One of the interesting aspects of this whole endeavour is that many of the people we have listened to and spoken with over this week were at some pains not to criticise directly what appears from our shores to be an prickly and vengeful-sounding executive branch, so will not be attributed, especially those of people close to the administration who are lobbying to mitigate the worst urges of certain individuals. As one wryly said “we all need to accept this is Trump’s world for the time being, and we have to live in it”.
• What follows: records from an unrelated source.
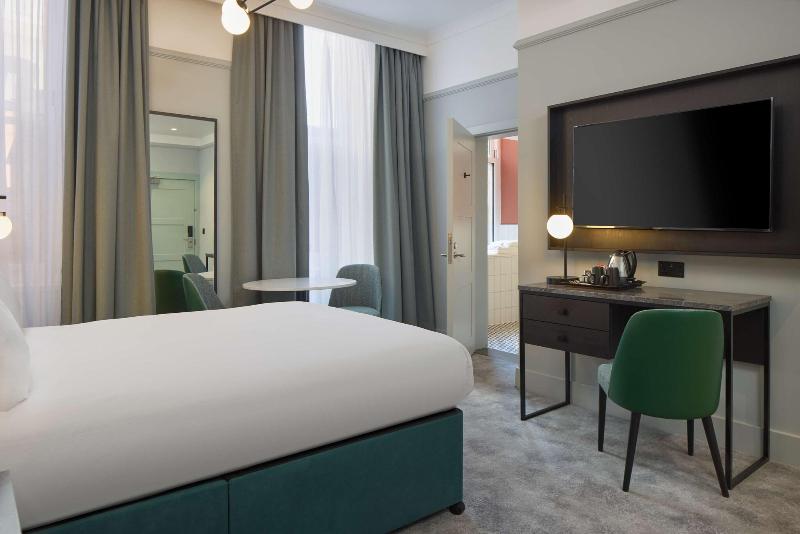 DoubleTree by Hilton Brighton Metropole - Oda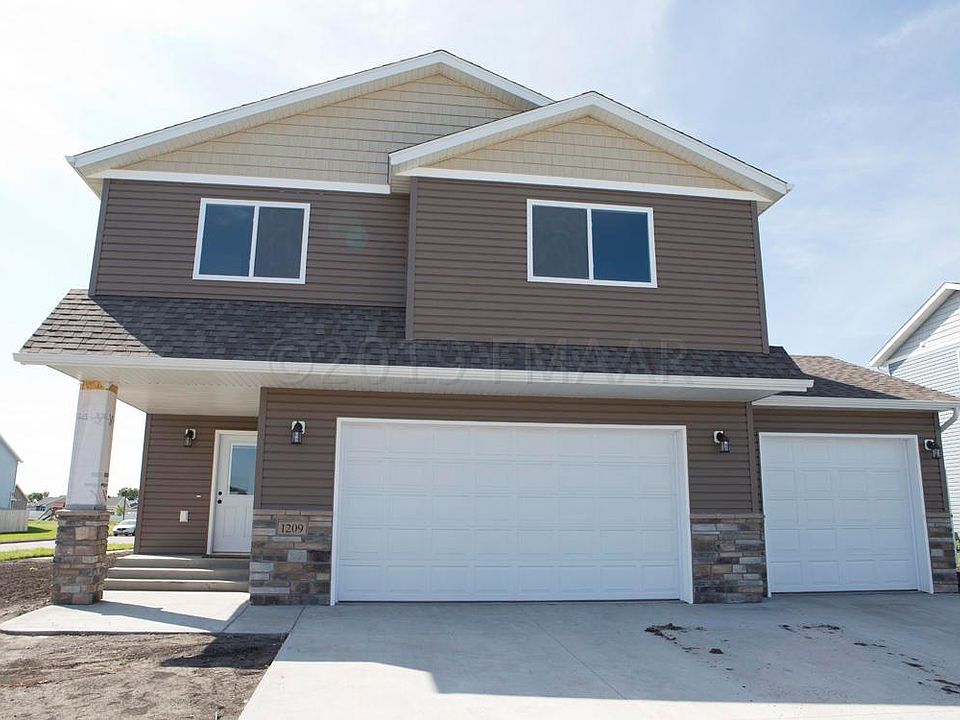 1st image of 1209 Legion Ln W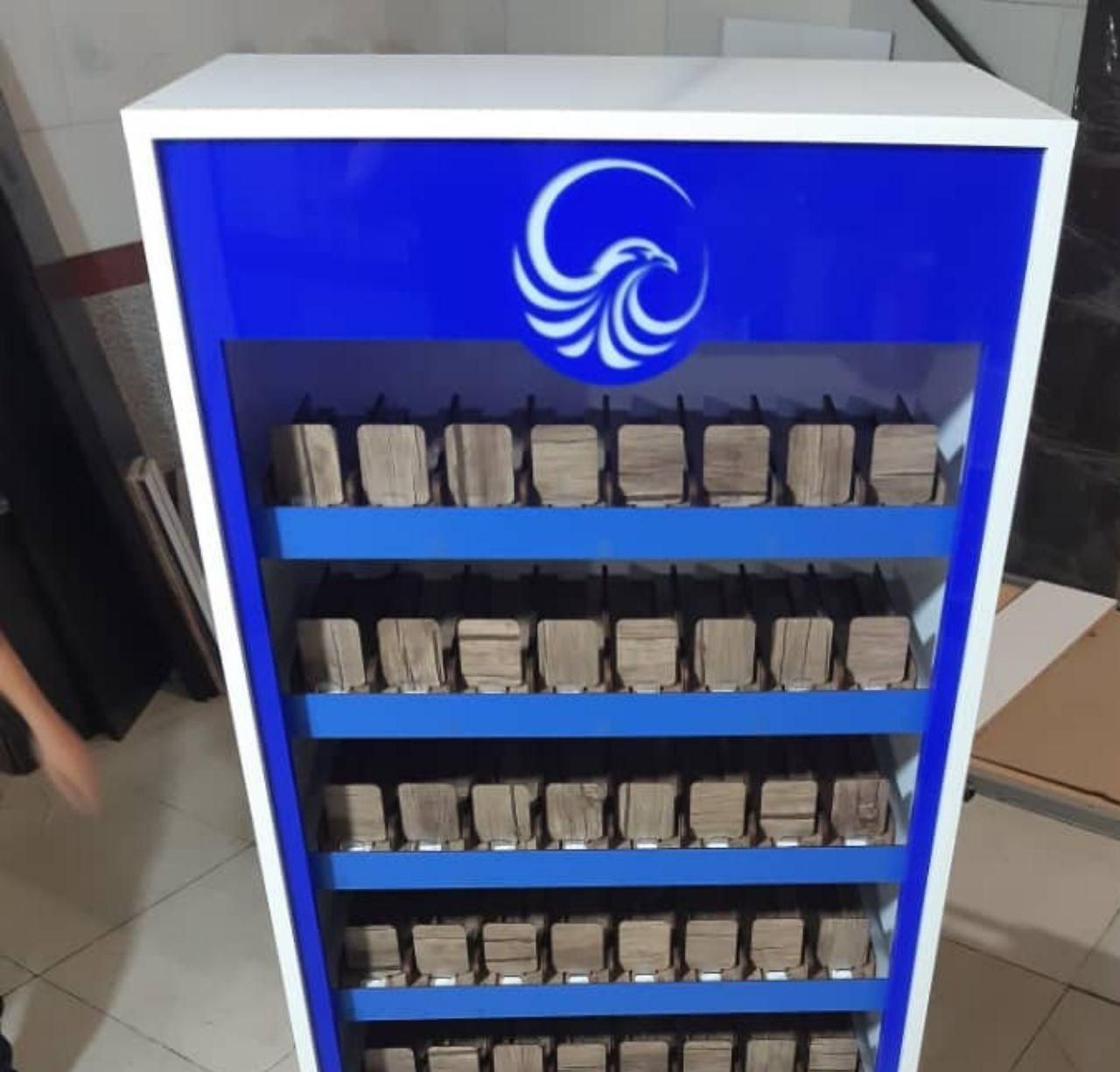 جا سیگاری قفسه و استند سیگار و تنباکو مدل سیمرغ|فروشگاه و مغازه|شیراز, پارک کوهستانی بوستان|دیوار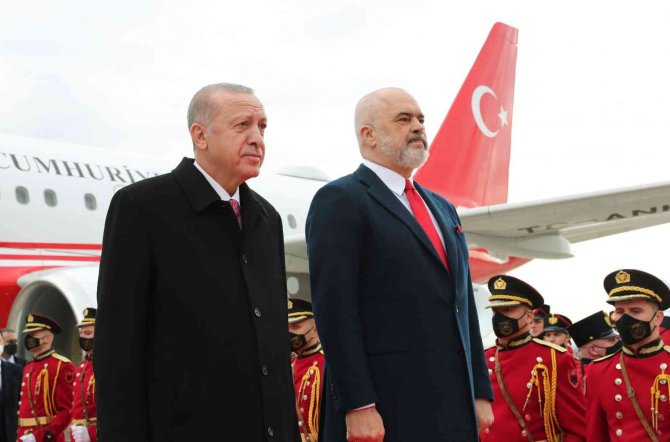 Cumhurbaşkanı Erdoğan, Arnavutluk’ta Resmi Törenle Karşılandı
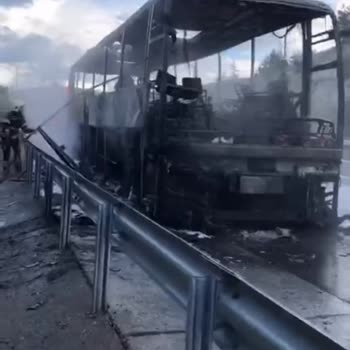 Metro Turizm'in Arızalı Ve Yangın Çıkan Otobüsü Yolcuları Tehlikeye Attı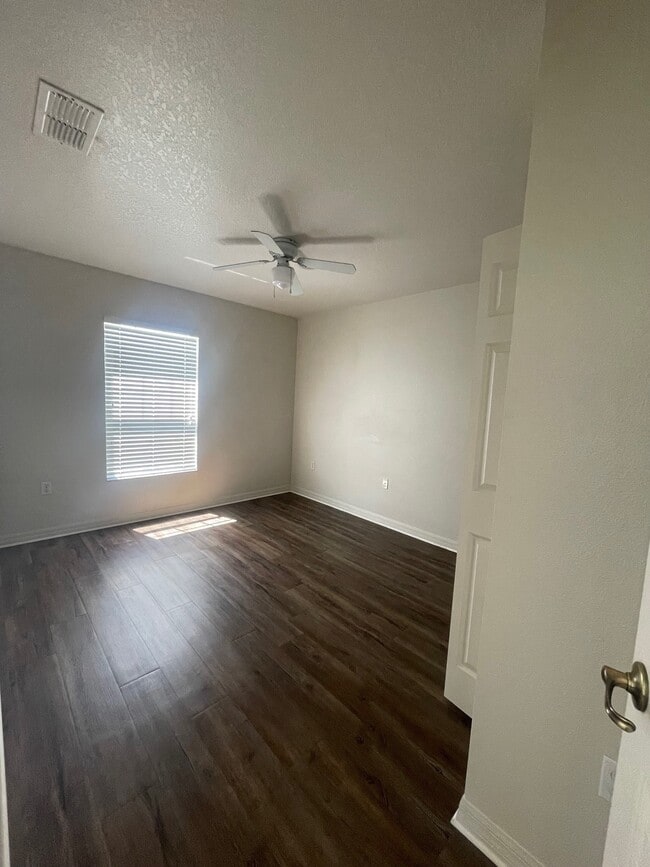 5854 8th St, Unit 5854 in Zephyrhills, FL - Foto de edificio - Building Photo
The positive news for healthcare investors here is that the world’s largest ($400m per year) lobbying effort is in full swing, and understands how to play to the audience by crafting whatever narrative they need to put forward in the right light. The other positive development is that the consequences of all of this are not lost on Congressional members who will be facing their electorate in two years (or four at most) and will be held accountable if the outcomes are viewed negatively.
Let us begin though by summarising their perspective on this administration’s world view:
The world view
The simplistic view is that America is getting ripped off by everyone. Its exceptionalism has driven innovation in almost every field, it polices the world but everyone is freeloading on the back of this, creating an unfair playing field for commerce and outsourcing their intelligence, security and defence to America on the cheap. This is unfair and has to stop.
Worse, China has gamed everything since it joined the WTO and is either already at or only a few years from reaching a hegemony position in a number of fields (solar power, battery electric vehicles, critical minerals) and is rapidly catching up in AI and Biotechnology (this fascinating topic will be the subject of a separate letter). This simply cannot be allowed to continue.
In part, China has been able to move quickly through government direction. In contrast, America has been saddled with an oversized, “left leaning” and sclerotic bureaucracy that is stifling innovation and growth through too many rules. This must be brought to heal to unleash the animal spirits that will allow America to regain its rightful place atop the world.
Any ideas to achieve this are ‘on the table’ and, since everyone is guilty of ripping off the USA to some extent, old allegiances are not viewed from their side in the same way as they are from the other side. Things like the EU blocking US M&A, or US-headquartered multi-national companies operating in a certain way in order to ensure global operations are in compliance with a far-away “unaccountable” legislative bodies (UN, WTO, Basel, EU etc.) are significant sources of ire.
Seeing funding being trimmed at the NIH and talk of cuts at the FDA etc. might lead one to think this administration is anti-innovation and harks back to some imagined golden age. However, many people we spoke to were keen to stress the opposite is the case. They want more innovation and believe that the best way to support this is through less regulation.
The government is too far behind the commercial realm in its adoption of technology to drive productivity and Trump wants to see America winning in Tech broadly, AI specifically, Pharma/Biotech, Aerospace, Automotive etc. They are also keen on public hearings and data sharing (on everything, from vaccine safety to UFOs!) to ensure that the wider public feels that it has a stake in the changes being implemented rather than being patronised from afar by a “liberal elite” (or even a cabal of self-interested billionaires?).
The ‘out of control’ bureaucracy has allowed an unsustainable deficit to balloon to a point where rolling over and funding America’s debt is an existential threat in and of itself, and the country must find its way back to a sustainable financial position. However, this cannot be achieved through penalising American companies and citizens with higher taxes. Spending must be cut and the freeloaders must be made to pay in some way, hence the repeated usage of punitive tariff threats to secure incremental gains. This seems unlikely to stop.
Cutting spending isn’t an easy needle to thread when debt interest is not in your control, defence spending is unlikely to fall in such an uncertain world and the largest entitlement programs directly impact your core voter base.
Therefore, if you are lobbying the administration (either as a foreign potentate, or for a given special interest group domestically), you need to frame your arguments within the prism of this narrative, otherwise you are not going to get anywhere. If you can construct an argument that fits within it though, you will find a very receptive audience.